TASK =>
Transcribe the records exactly. Pictures do not belong in the transcription.

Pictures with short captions
----
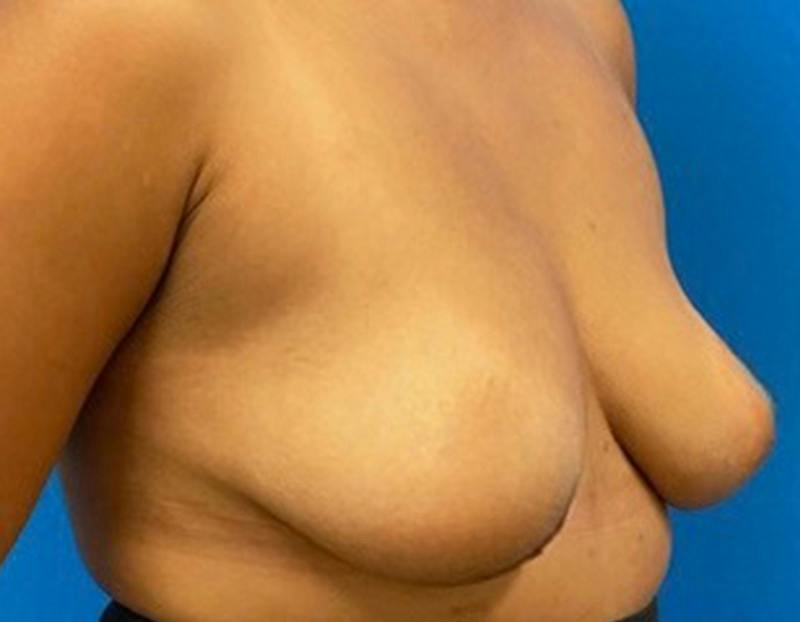 Breast Augmentation Before & After Gallery - Patient 409272 - Image 3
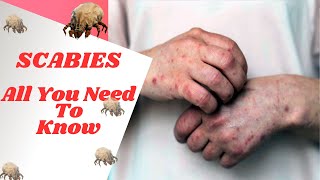 How To Identify amp Treat Scabies Causes Symptoms Prevention  Permethrin Ivermectin [upl. by Hsinam]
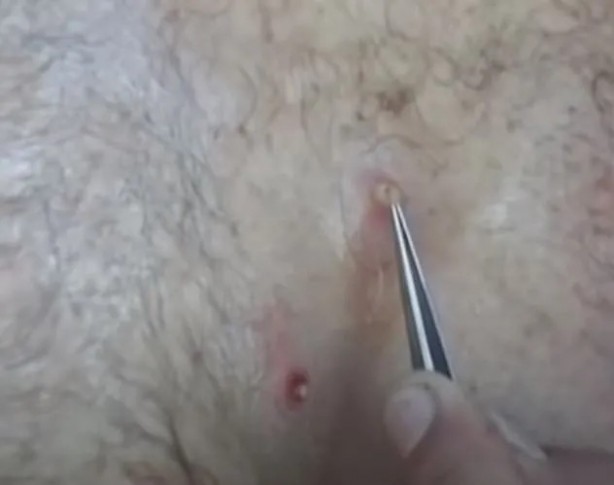 Foto - Sırtından çıkanlar görenleri şaşkına çevirdi! Sivilce zannettiği yaradan bakın ne çıktı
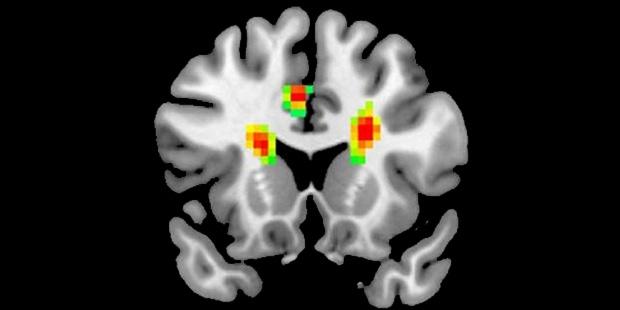 Aşık insanların beyin MR'ı çekildi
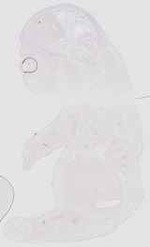 EMAGE:17910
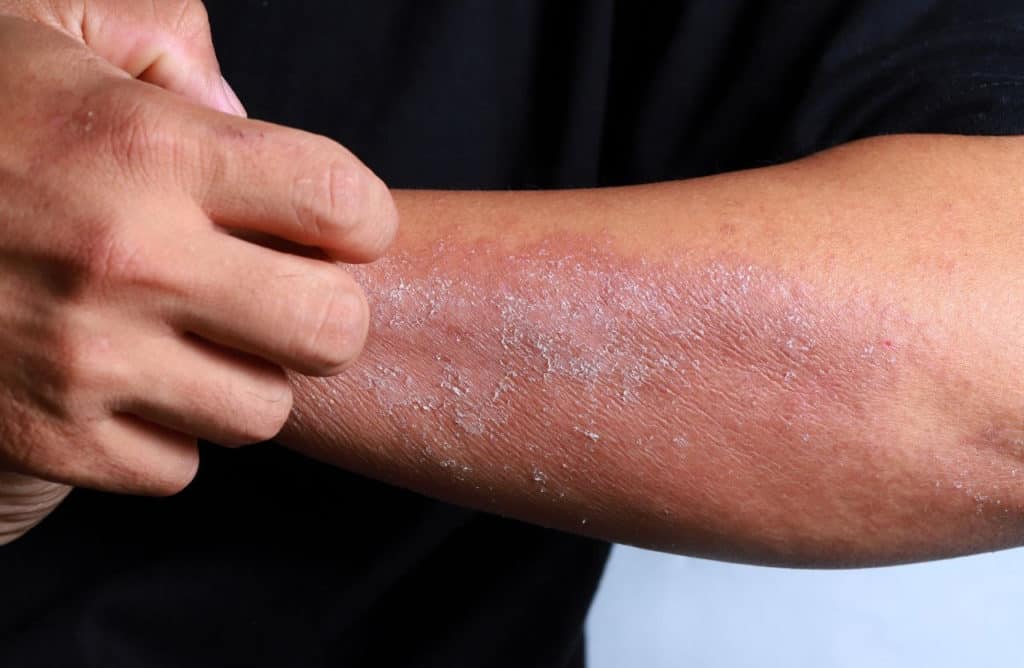 Scratching arm with eczema.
----
OUTPUT =>
 Breast Augmentation Before & After Gallery - Patient 409272 - Image 3
 How To Identify amp Treat Scabies Causes Symptoms Prevention  Permethrin Ivermectin [upl. by Hsinam]
 Foto - Sırtından çıkanlar görenleri şaşkına çevirdi! Sivilce zannettiği yaradan bakın ne çıktı
 Aşık insanların beyin MR'ı çekildi
 EMAGE:17910
 Scratching arm with eczema.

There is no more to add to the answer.